The Dongfeng-26C (DF-26C), a conventionally armed IRBM, has in all likelihood been deployed as an operational weapon the report claims, although it is unclear in what quantities and into what brigades of the People’s Liberation Army (PLA).
“Foremost among China’s military assets capable of reaching Guam, the DF-26 IRBM represents the culmination of decades of advancements to China’s conventional ballistic missile forces,” according to the report.
Sixteen DF-26 launchers were publicly displayed during the September 2015 parade in Beijing, which commemorated the 70th anniversary of Japan’s surrender in China. Overall, the PLA fields around 1,200 ballistic missiles of all ranges armed with both conventional and nuclear warheads.
The DF-26 IRBM purportedly features a new “modular design” and can be armed with “two types of nuclear warhead and several types of conventional warhead which use different destructive mechanisms to attack specific targets,” according to two experts of the PLA Academy of Military Sciences, quoted in the report.
The IRBM allegedly also has an anti-ship variant. However, the report cautions:
The PLA has not conducted a successful publicly-reported test of either missile against a moving target at sea,55 and the additional range of the DF-26 likely complicates the targeting challenge China already faces with the DF-21D. China’s ability to employ DF-26 ASBMs in precision strikes against U.S. carriers near Guam will thus remain uncertain until the PLA demonstrates this capability (…).
The report also notes that the missile “likely has serious accuracy limitations” and in its conclusion the paper states that the risk of a successful strike on Guam is relatively low for now:
Currently, accuracy limitations and platform vulnerabilities render this risk relatively low, but China’s commitment to continuing to modernize its strike capabilities indicates the risk will likely grow going forward.
The DF-26 has a purported range of 3,000 -4,000 kilometers (1,800-2,500 miles). As I reported previously (See: “Revealed: China for the First Time Publicly Displays Guam Killer Missile”):
China accidentally revealed the existence of the DF-26C in 2012 with reports about the existence of the missile circulating already since at least 2007. It allegedly can be fitted unto a road-mobile chassis – called transporter-erector-launcher (TEL) – and uses solid fuel. Based on the TEL, it appears that the DF-26C is produced by the China Aerospace Science and Technology Corporation (CASC).

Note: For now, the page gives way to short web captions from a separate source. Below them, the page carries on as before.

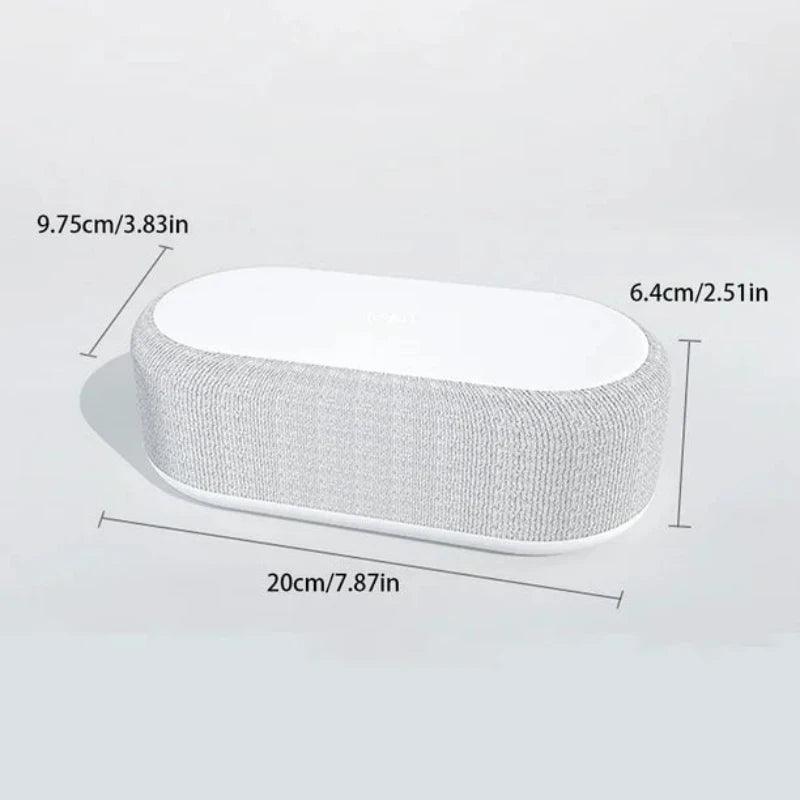 Réveil Chargeur Induction Bluetooth - Veilleuse de rêve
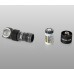 Фонарь ArmyTek Tiara C1 Pro Magnet USB+18350
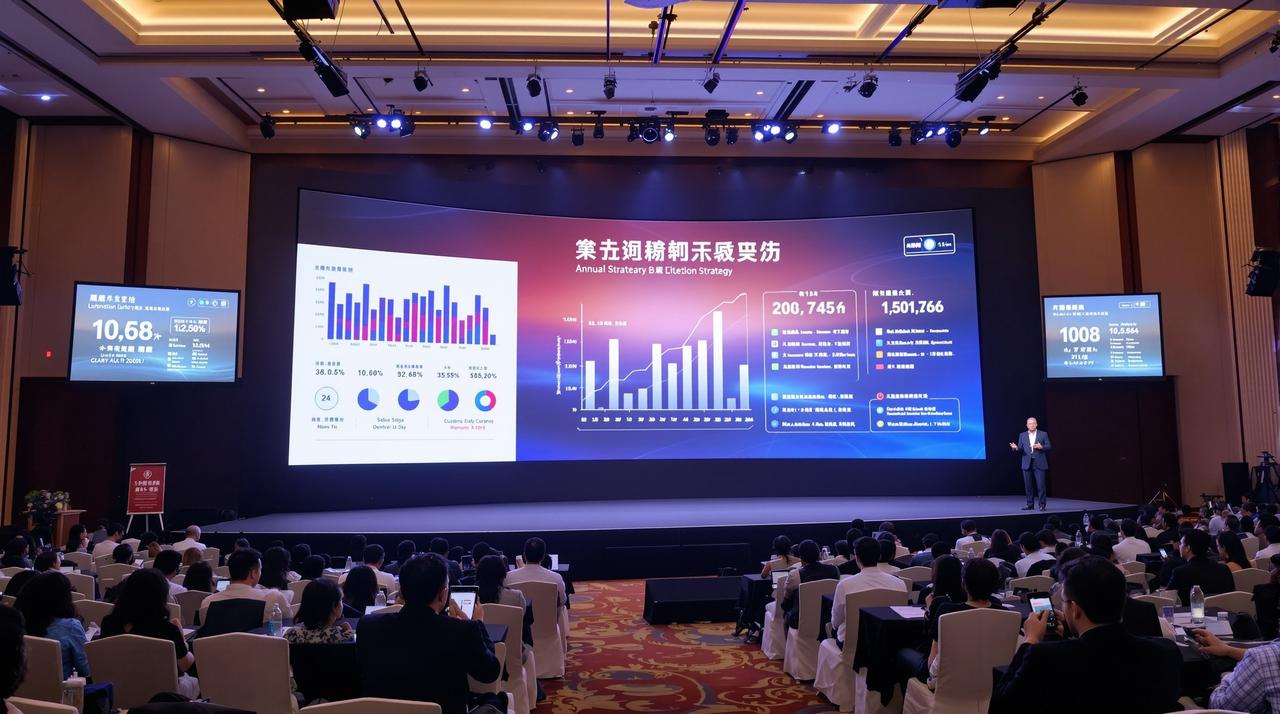 色视频2026年度发展战略发布,三年内冲击百亿营收目标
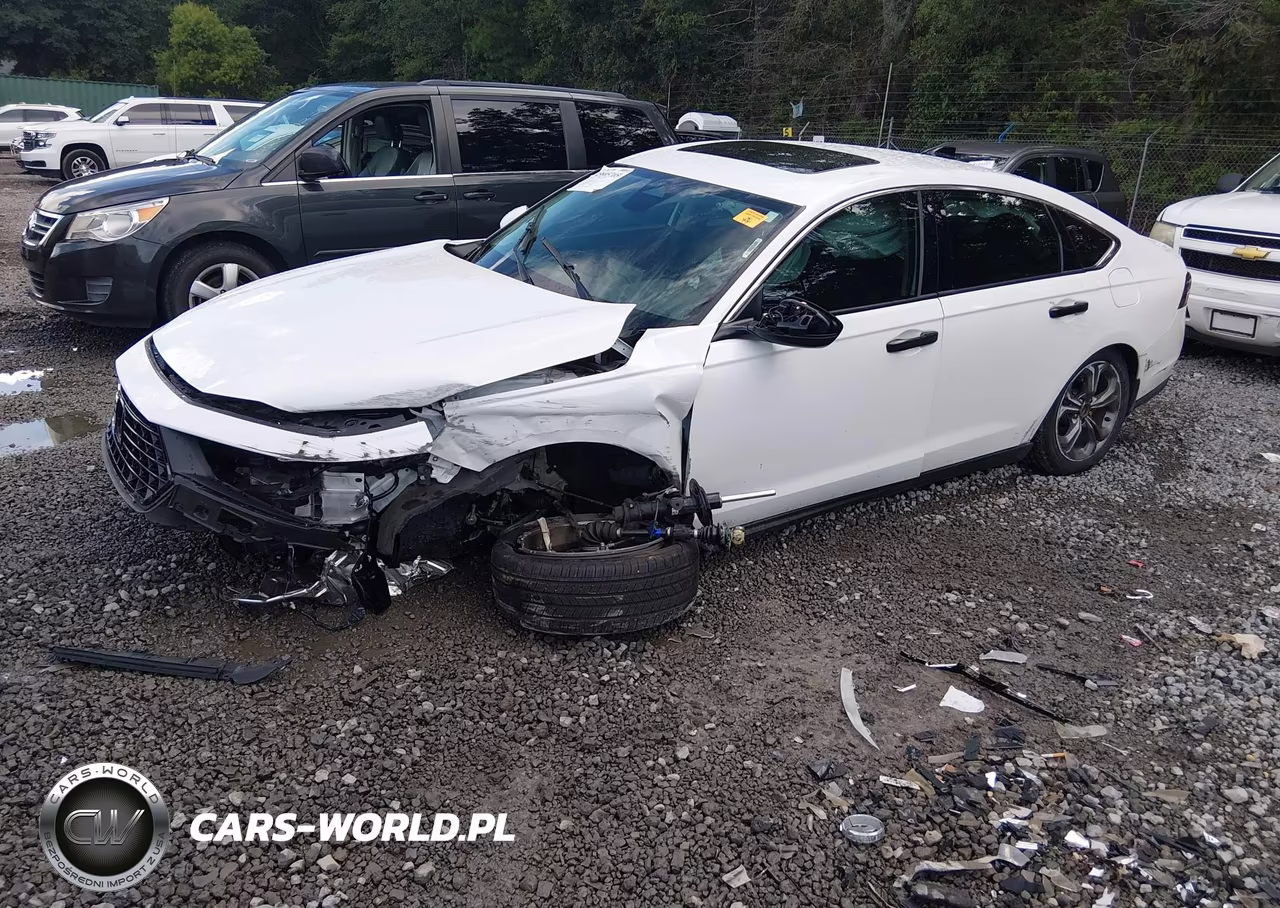 2024 Honda Accord Ex VIN:1HGCY1F31RA078499 - 6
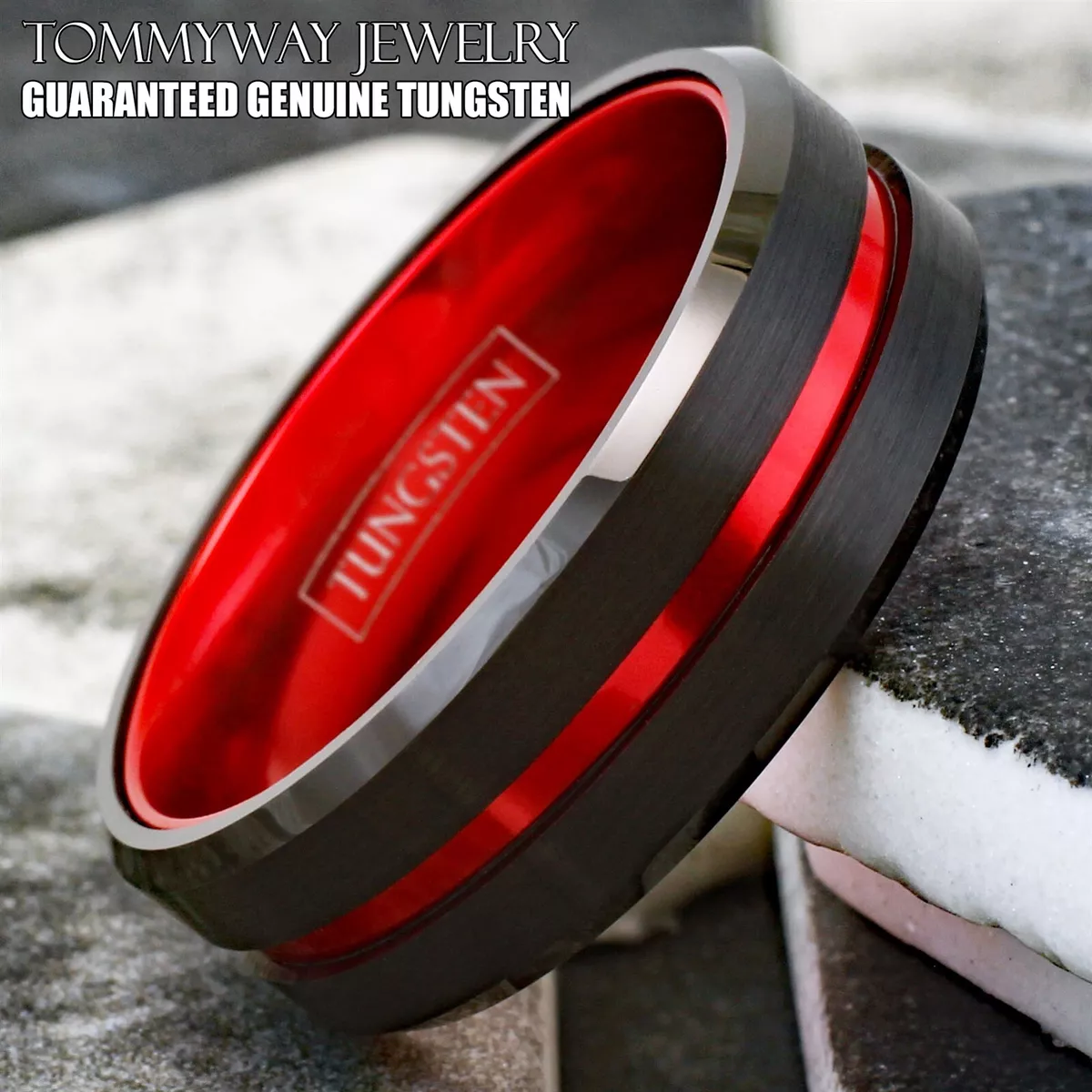Thin red shop line jewelry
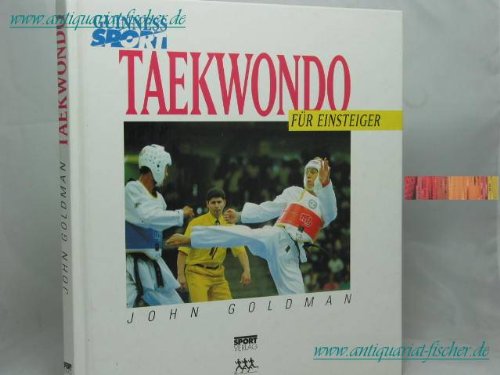 Taekwondo für Einsteiger Books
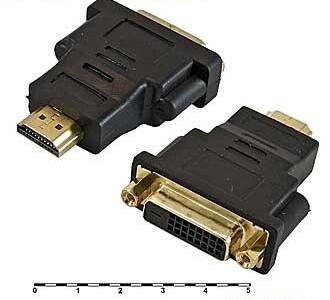 HDMI M/DVI24+1F (HAP-005)
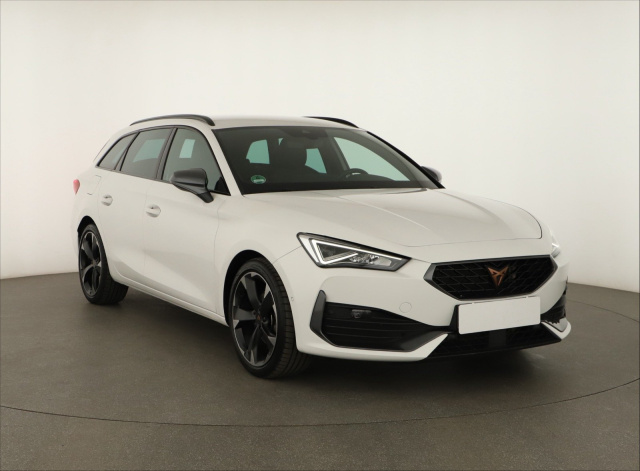 Cupra Leon 2023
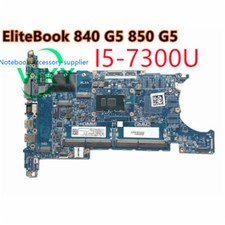 L15523-001 For HP 840 850 G5 Motherboard I5-7300U 6050A2945601 L15523-601 picture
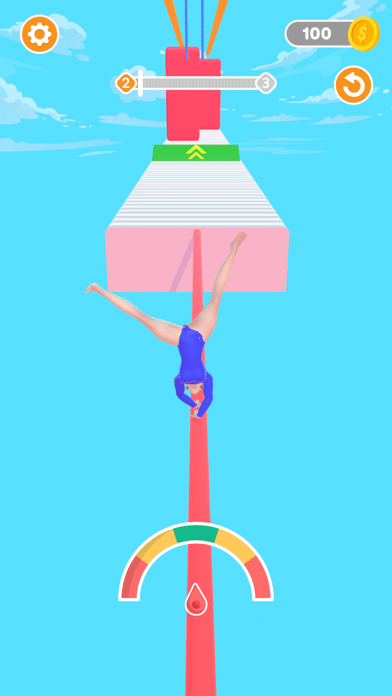 健身闯关 健身闯关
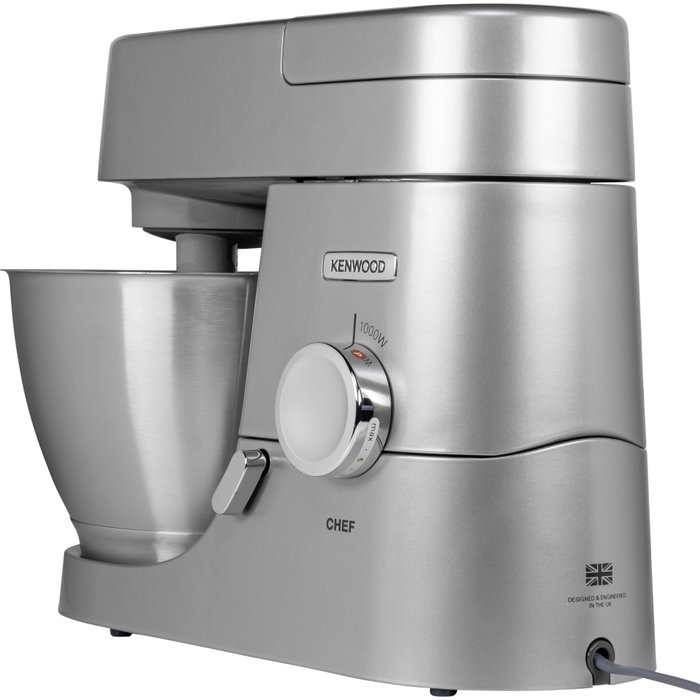 Kenwood Chef KVC3110S - Robot pâtissier argent 4,6 L 1000 W Kenwood Chef KVC3110S - Robot pâtissier argent 4,6 L 1000 W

The report also discusses other Chinese weapons systems that theoretically could successfully strike Guam and U.S. warships including land-attack cruise missiles, air and sea-launched anti-ship cruise missiles.
“To evaluate China’s ability to strike Guam going forward, the areas that should be monitored most closely are increased deployments of DF-26 missiles and qualitative improvements to China’s precision strike capabilities, bomber fleet, in-air refueling capability, and submarine quieting technology,” the report summarizes.